Start of Block
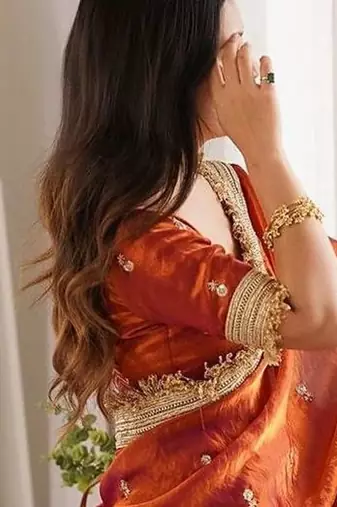 rust embellished embroidered satin designer saree
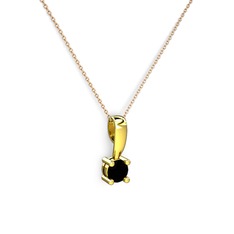 Siyah zirkon 18 ayar altın kolye (40 cm rose altın rolo zincir)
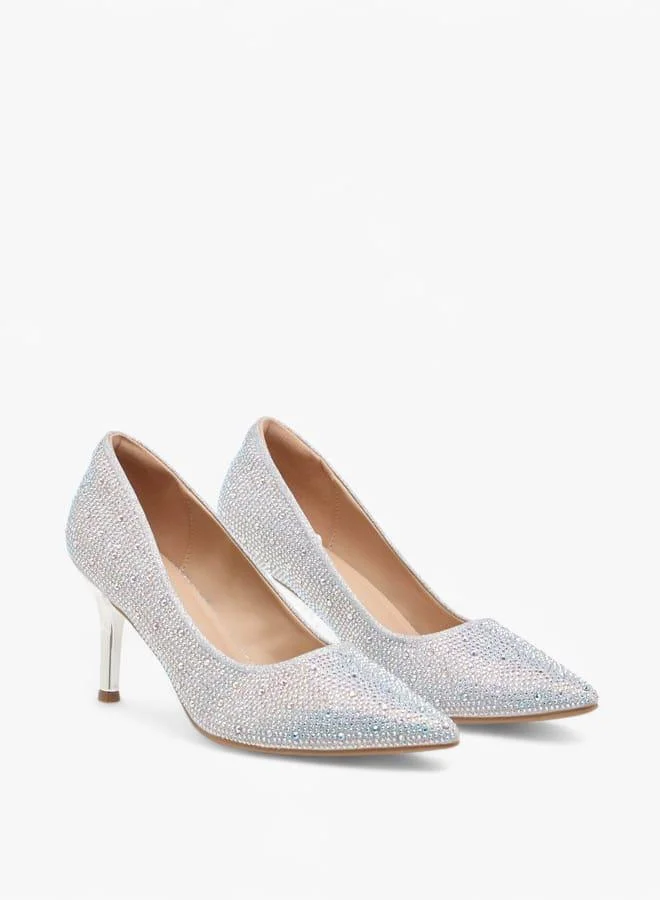 Flora Bella By Shoexpress Womens Embellished Slip-On Pointed Toe Pumps With Stiletto Heels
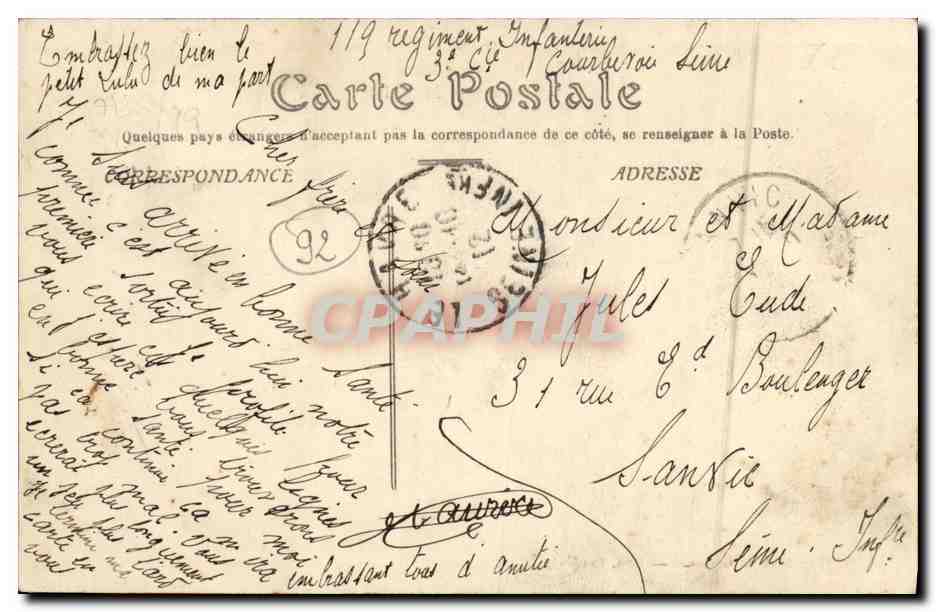 CPA Courbevoie Rue de L Alma et Gymnase militaire Militaria — Rückseite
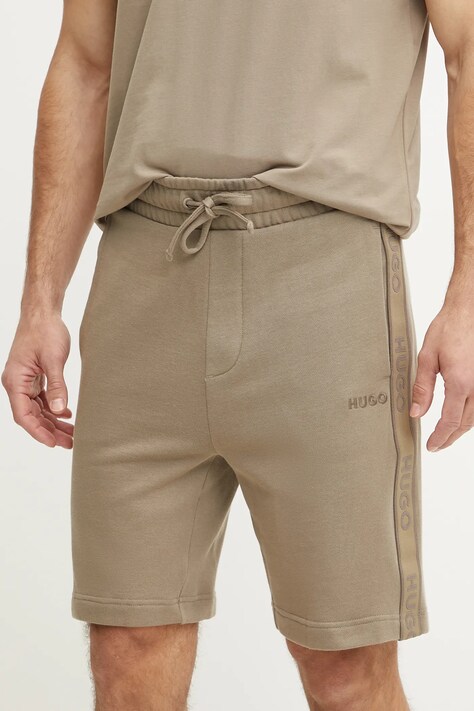 HUGO pantaloni scurți din bumbac bărbați, culoarea verde, 50540936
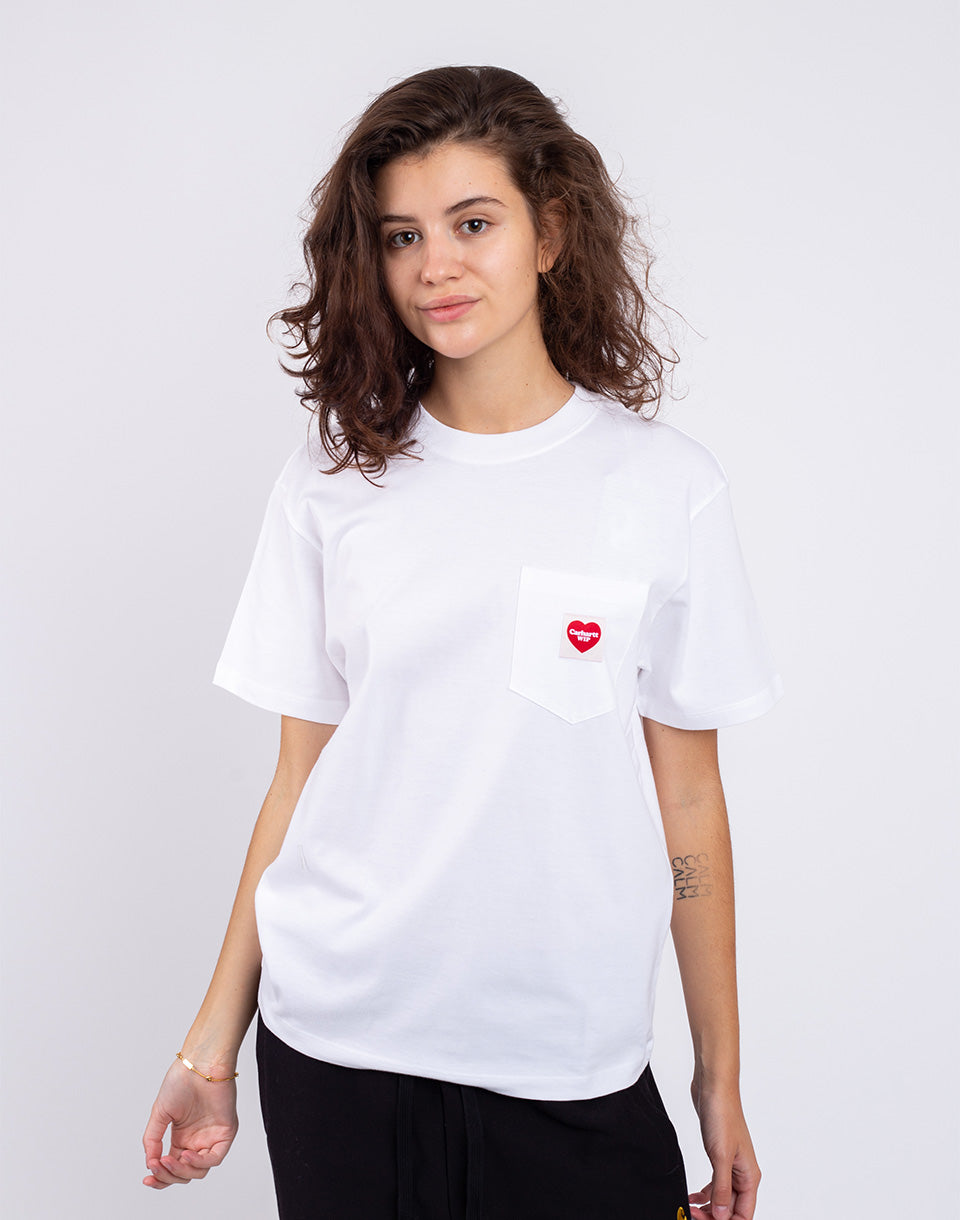 T-shirt de coeur de poche w 's / s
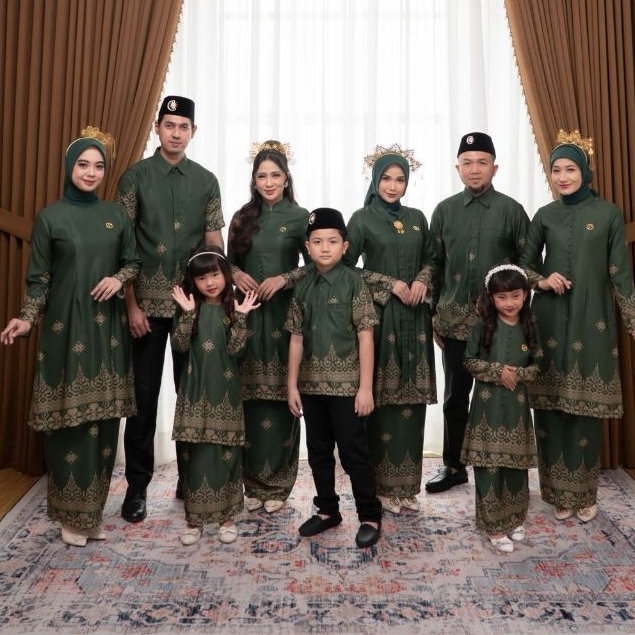 ELYANA BAJU KURUNG MOTIF PUCUK REBUNG - SETELAN KURUNG MALAYSIA -  ONE SET MOTIF - ONE SET WANITA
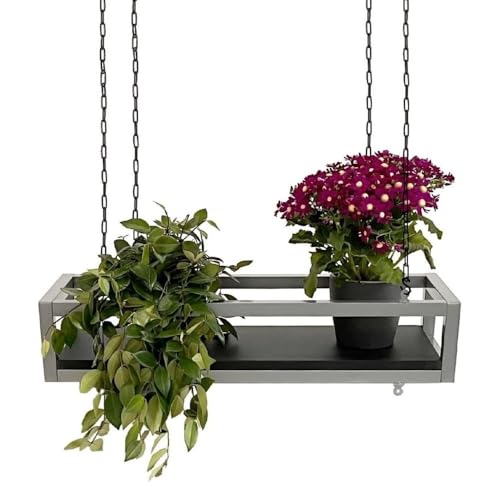 Yellow - Plant shelf Indoor Outdoor, Balcony decoration, Flower stand Metal Hanging Shelf with chains for garden, Ideal for outdoor plant pots (FLOWERS 75 cm, Gray/Black)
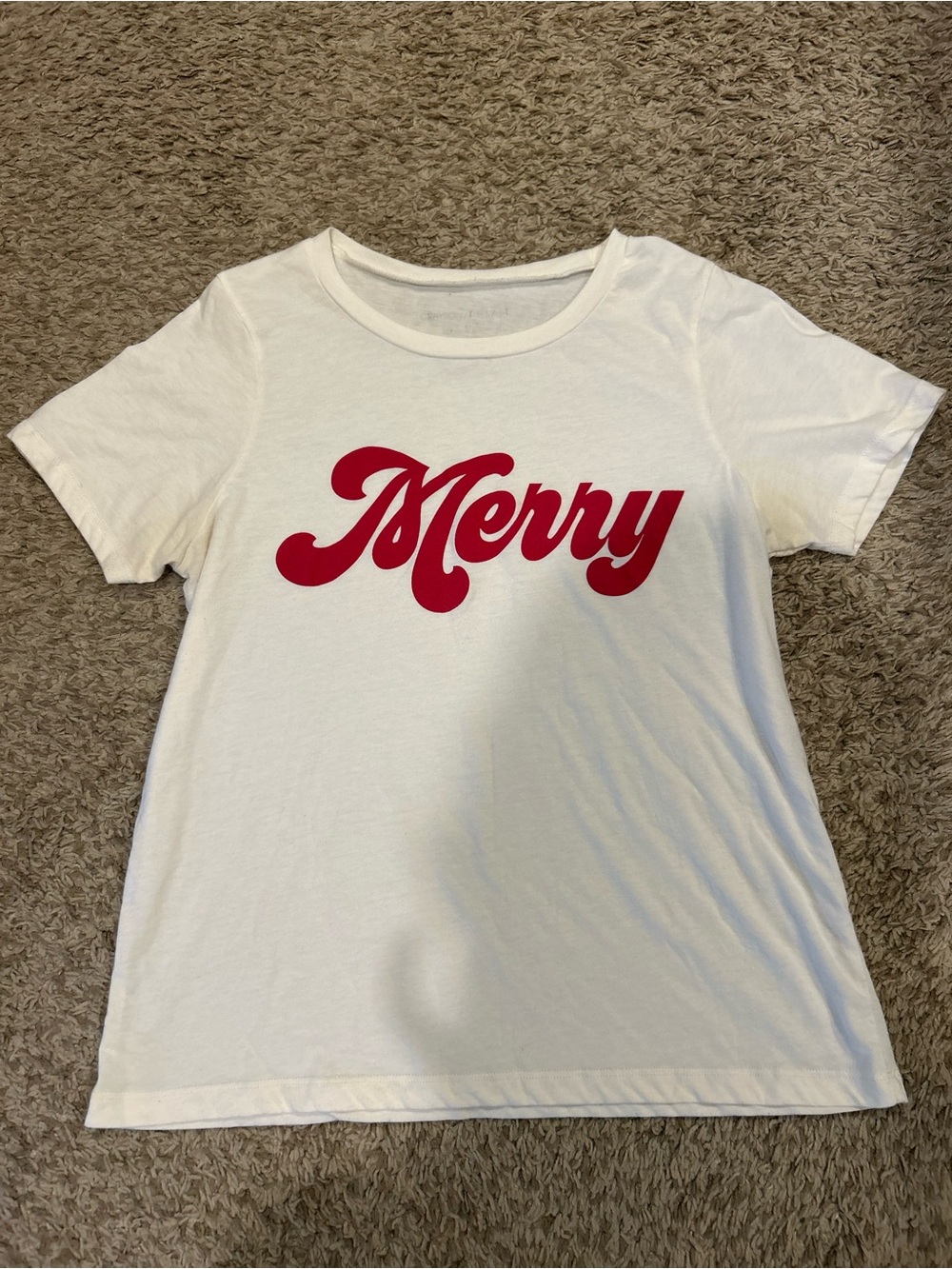 Grayson Threads White Tee with Red "Merry" Graphic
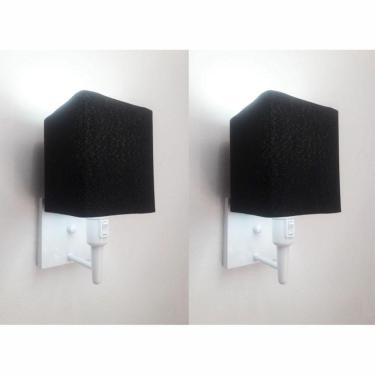 Imagem de Kit-2 Arandela Quadrada Md-2019 Branco C- Inter Liga E Desl Cúpula Em Tecido Preto - Bivolt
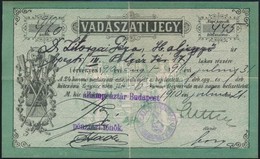 1910 Vadászjegy Vadászati Jegy - Unclassified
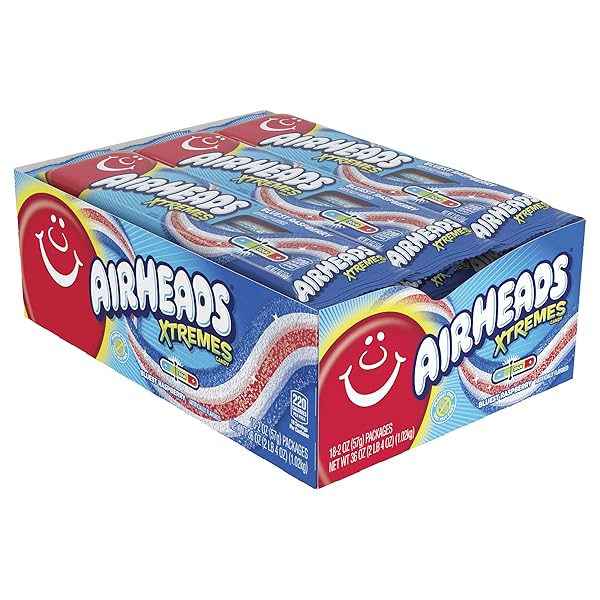 AIRHEADS XTREMES BELTS CANDY, CHEWY CANDY PACKAGE, BLUEST RASPBERRY FRUIT FLAVOR ARTIFICIALLY FLAVORED, 2 OUNCES (18-PACK)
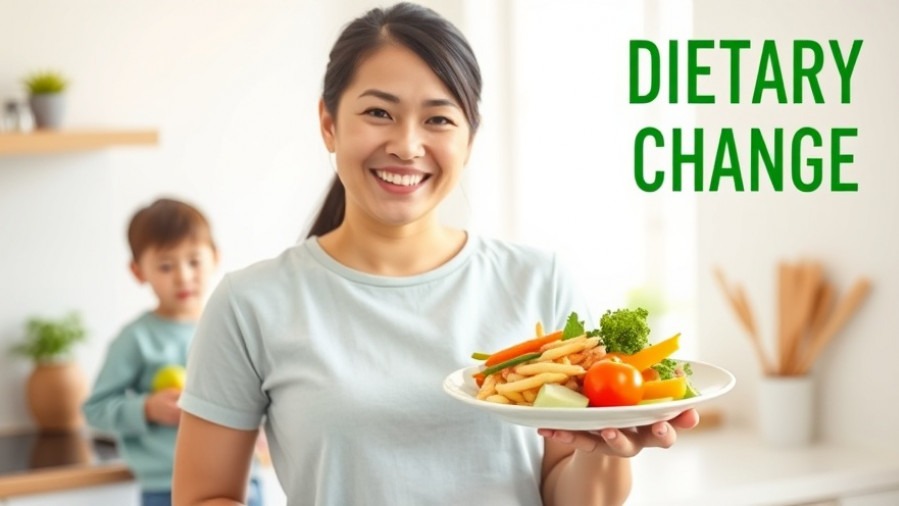 A confident parent smiles at the camera, holding a colorful plate of healthy food, showcasing simple dietary changes for weight loss.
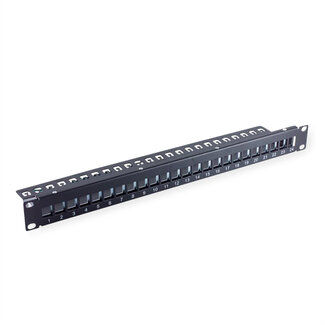 Value VALUE 19"-Keystone-Modulträger, 24 Ports, 1HE, geschirmt, schwarz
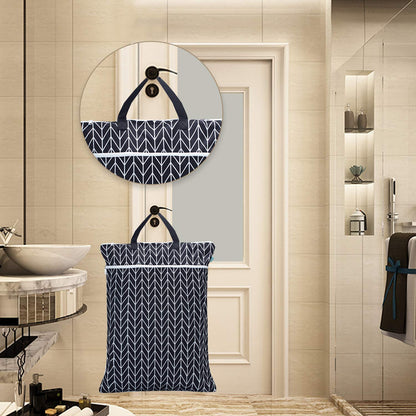 Travel Hanging Wet Dry Bag Organizer (24.7 x 18 inches) with Two Compartments for Cloth Diaper, Laundry, Swimsuits and More, Easy to Hang Everywhere(L, Black Arrow)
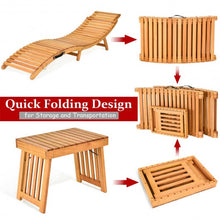 Load image into Gallery viewer, 3PCS Wooden Folding Patio Lounge Chair Table Set
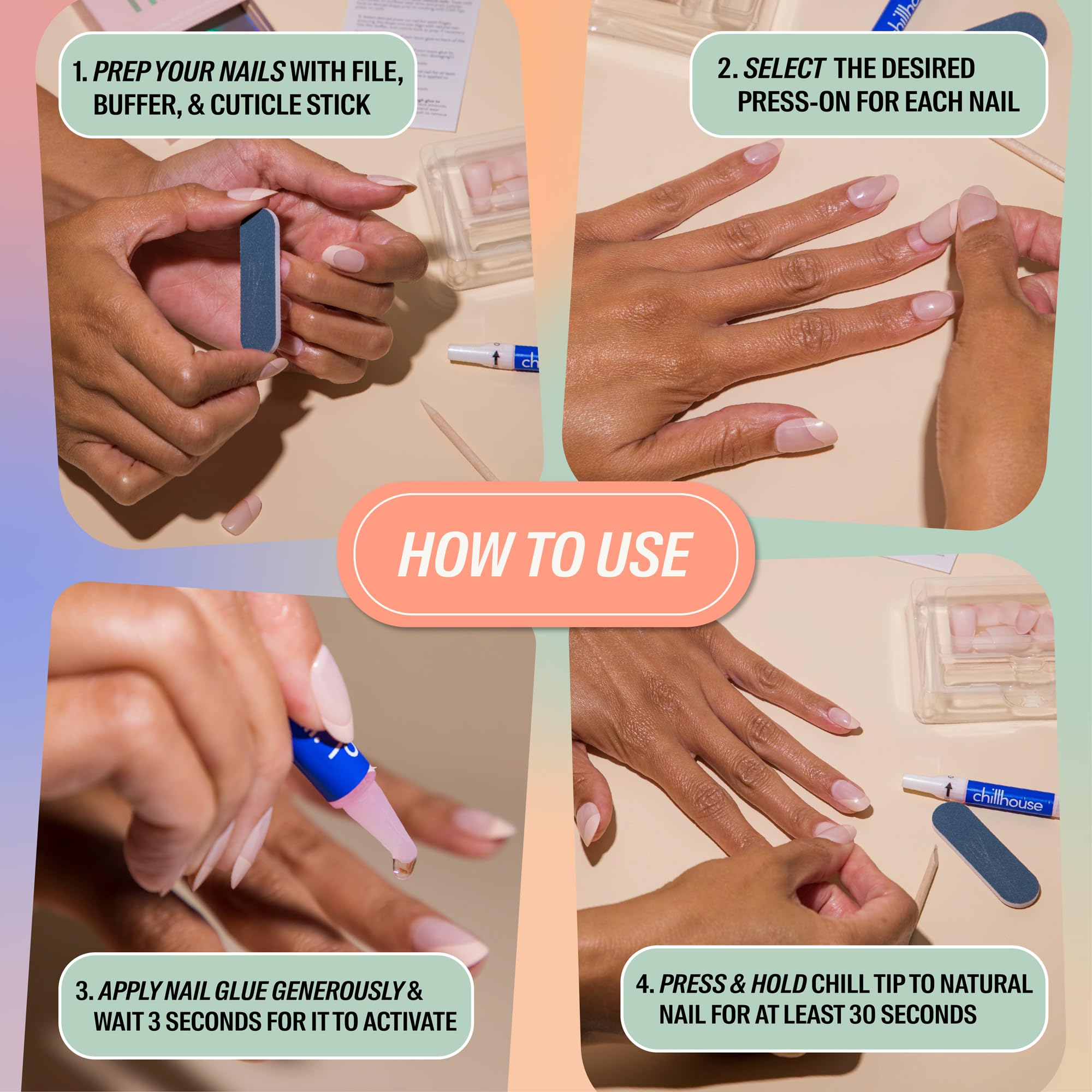 Chillhouse gentle nail glue for secure, damage-free wear.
End of Block
> PROBLEM TO SOLVE:
Output each entry verbatim; none of the pictures should be included.

> OUTPUT OF THE EXERCISE:
 rust embellished embroidered satin designer saree
 Siyah zirkon 18 ayar altın kolye (40 cm rose altın rolo zincir)
 Flora Bella By Shoexpress Womens Embellished Slip-On Pointed Toe Pumps With Stiletto Heels
 CPA Courbevoie Rue de L Alma et Gymnase militaire Militaria — Rückseite
 HUGO pantaloni scurți din bumbac bărbați, culoarea verde, 50540936
 T-shirt de coeur de poche w 's / s
 ELYANA BAJU KURUNG MOTIF PUCUK REBUNG - SETELAN KURUNG MALAYSIA -  ONE SET MOTIF - ONE SET WANITA
 Yellow - Plant shelf Indoor Outdoor, Balcony decoration, Flower stand Metal Hanging Shelf with chains for garden, Ideal for outdoor plant pots (FLOWERS 75 cm, Gray/Black)
 Grayson Threads White Tee with Red "Merry" Graphic
 Imagem de Kit-2 Arandela Quadrada Md-2019 Branco C- Inter Liga E Desl Cúpula Em Tecido Preto - Bivolt
 1910 Vadászjegy Vadászati Jegy - Unclassified
 AIRHEADS XTREMES BELTS CANDY, CHEWY CANDY PACKAGE, BLUEST RASPBERRY FRUIT FLAVOR ARTIFICIALLY FLAVORED, 2 OUNCES (18-PACK)
 A confident parent smiles at the camera, holding a colorful plate of healthy food, showcasing simple dietary changes for weight loss.
 Value VALUE 19"-Keystone-Modulträger, 24 Ports, 1HE, geschirmt, schwarz
 Travel Hanging Wet Dry Bag Organizer (24.7 x 18 inches) with Two Compartments for Cloth Diaper, Laundry, Swimsuits and More, Easy to Hang Everywhere(L, Black Arrow)
 Load image into Gallery viewer, 3PCS Wooden Folding Patio Lounge Chair Table Set
 Chillhouse gentle nail glue for secure, damage-free wear.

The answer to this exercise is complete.